What is needed: An exact copy is required of every line from the one with "We have here" through the end of the data below, and the pictures must stay out of it.

Provided material:
* * *

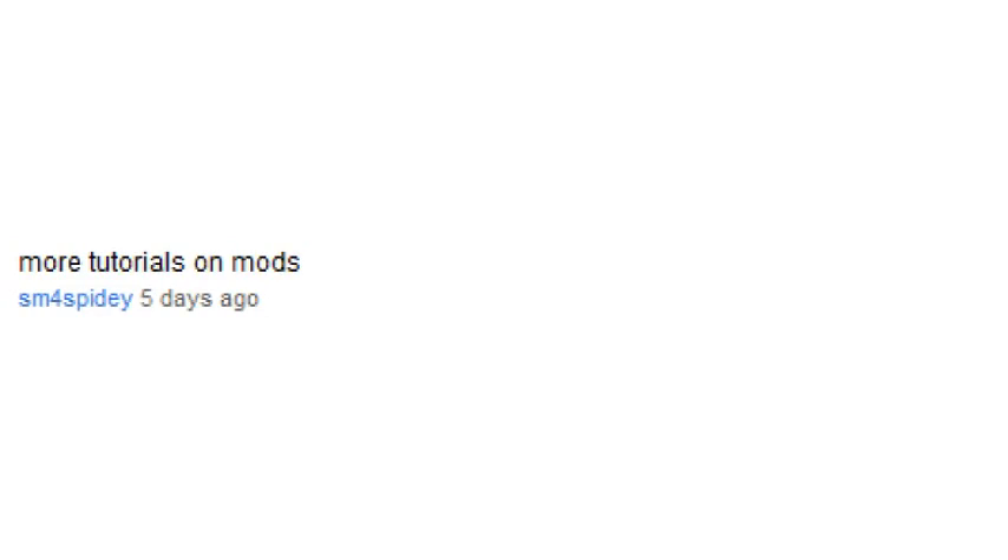More tutorials on modifications! Yeah, I really need to get back into those. Currently I have two beginner-solving tutorials set up for scheduled publishing, but in the meantime I suppose I can start tinkering with some of my cubes and looking for ways to improve them.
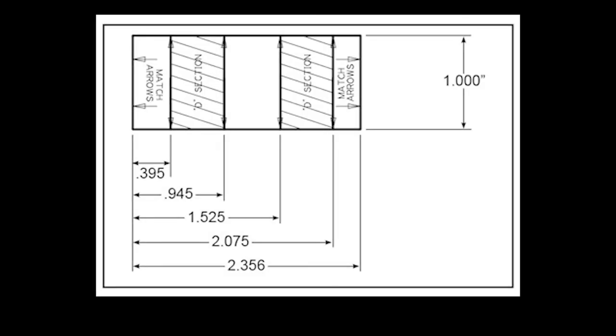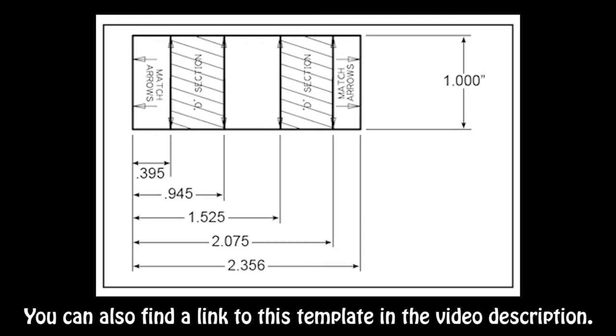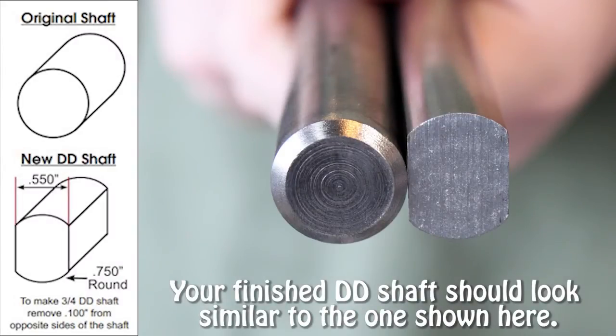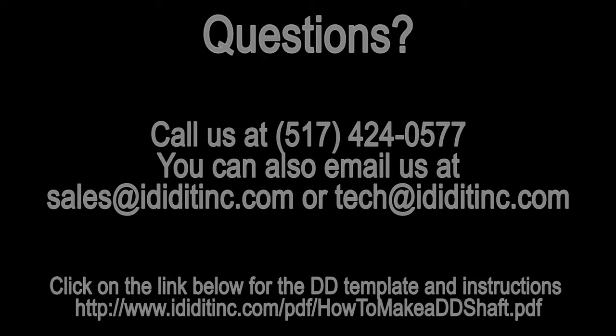You'll need this template as a guideline to make your double D shaft. You can find it and the instructions in our resources page in the Guides and Tips section on the IDIDIT website. This is the comparison of the three-quarter inch round shaft to the three-quarter double D shaft. You can click on the link to access the template for the double D shaft.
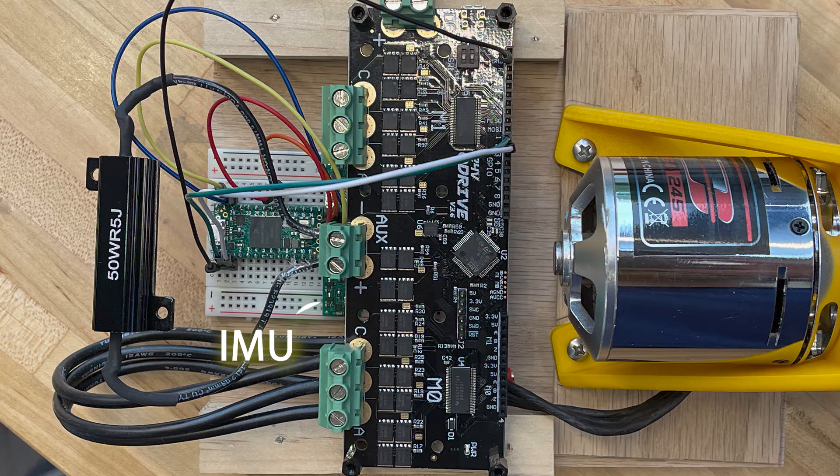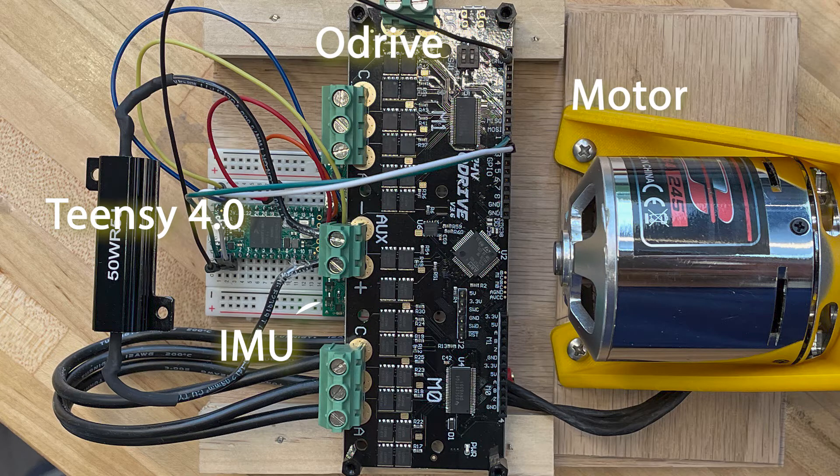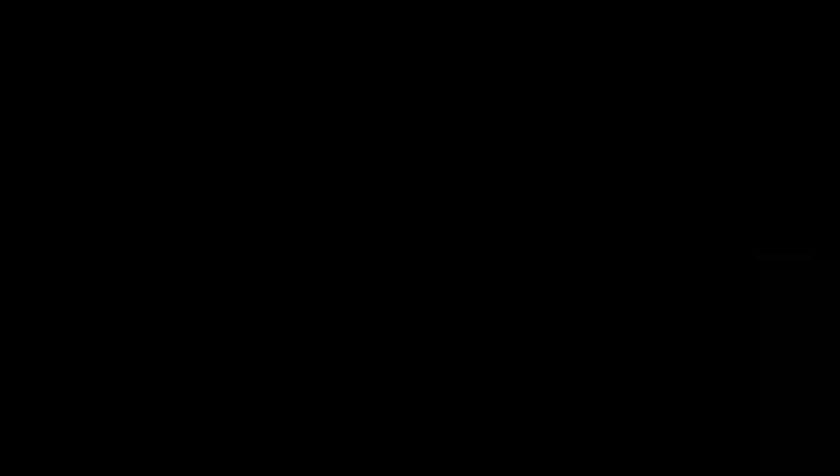The platform housed an IMU to read the angle, a TNC to apply a controller algorithm, and an O-Drive to communicate to an electric motor. The system was designed with the battery placed at the top to increase the moment of inertia.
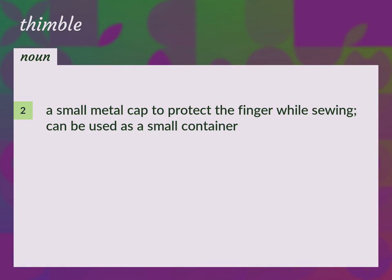A small metal cap to protect the finger while sewing, can be used as a small container.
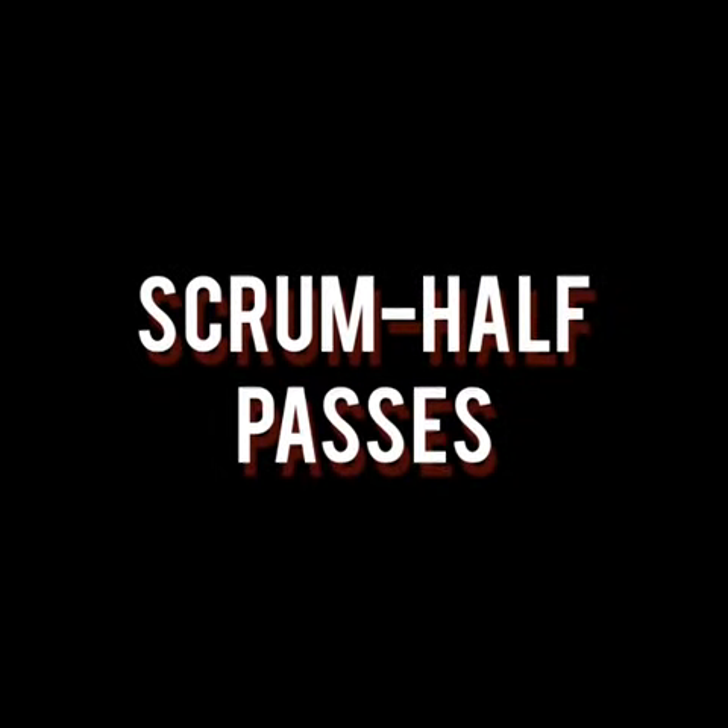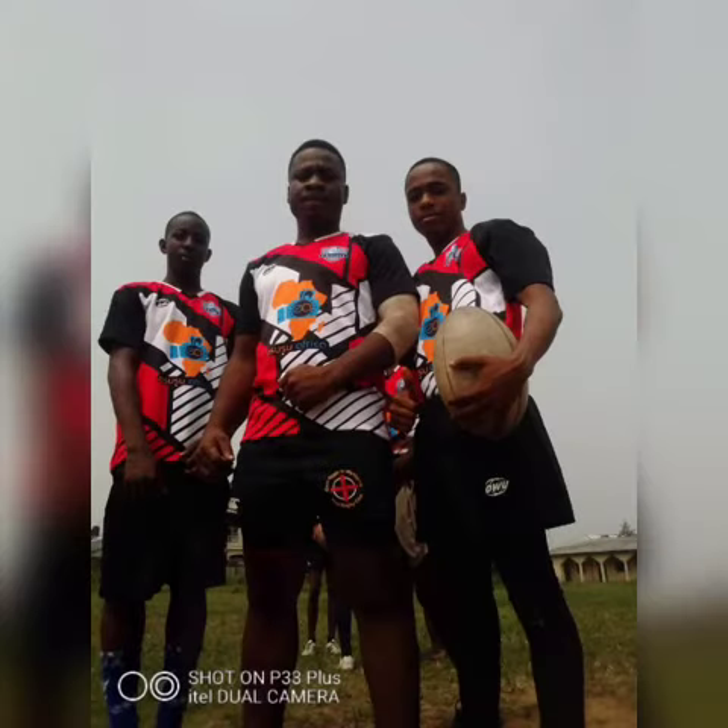To execute a scrum half pass that is consistently powerful and accurate, you must ensure you have the correct principles and mechanics fully understood and ingrained from hours of practice. A good scrum half pass has the ball leave the hands quickly, with the ball travelling in a horizontal position to the exact point wanted by the receiver. In this video by PH Scales, you shall be seeing how this is done for both long and short ranges.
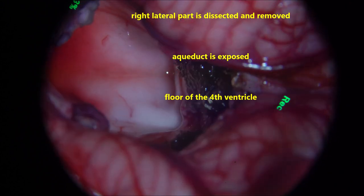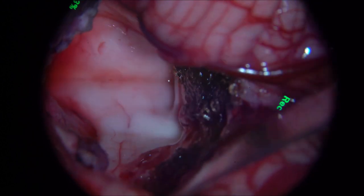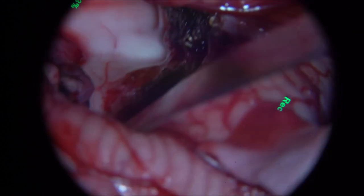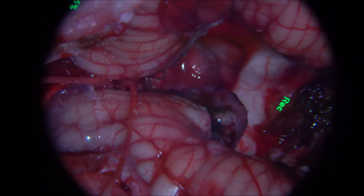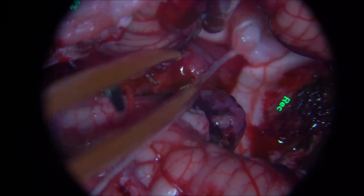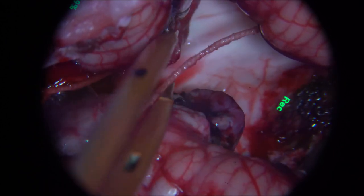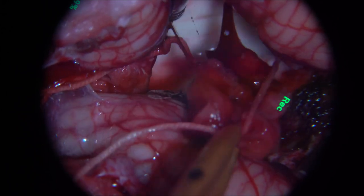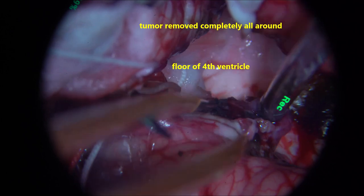The part is covered with Surgicel. One thing one must remember: unless you excise these lesions completely, bleeding will not stop. Once you excise the lesions completely, bleeding will stop automatically without needing to achieve hemostasis forcibly. That is the beauty of surgical resection when remaining in the arachnoidal plane.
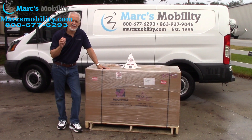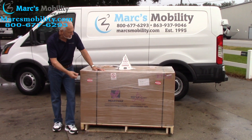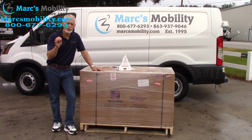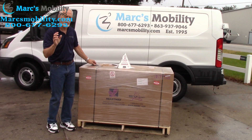We have here the Vita Express mobility scooter. This is how it would come to you in this type of box, just like this, on a pallet like this. It's called the Vita Express. Now be careful, there's a lot of Vita scooters out there. This is the Vita Express four-wheel scooter and we're going to show you how to get it out of the box.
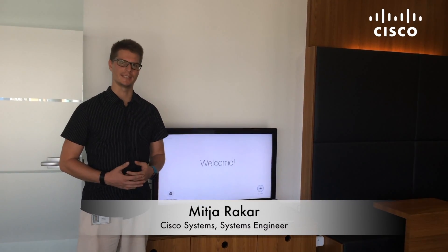Hello, my name is Vitej Arakar and I'm an assistant engineer with Cisco Systems, specialized in collaboration architecture.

* * *

Task response:
We have here the Vita Express mobility scooter. This is how it would come to you in this type of box, just like this, on a pallet like this. It's called the Vita Express. Now be careful, there's a lot of Vita scooters out there. This is the Vita Express four-wheel scooter and we're going to show you how to get it out of the box.
Hello, my name is Vitej Arakar and I'm an assistant engineer with Cisco Systems, specialized in collaboration architecture.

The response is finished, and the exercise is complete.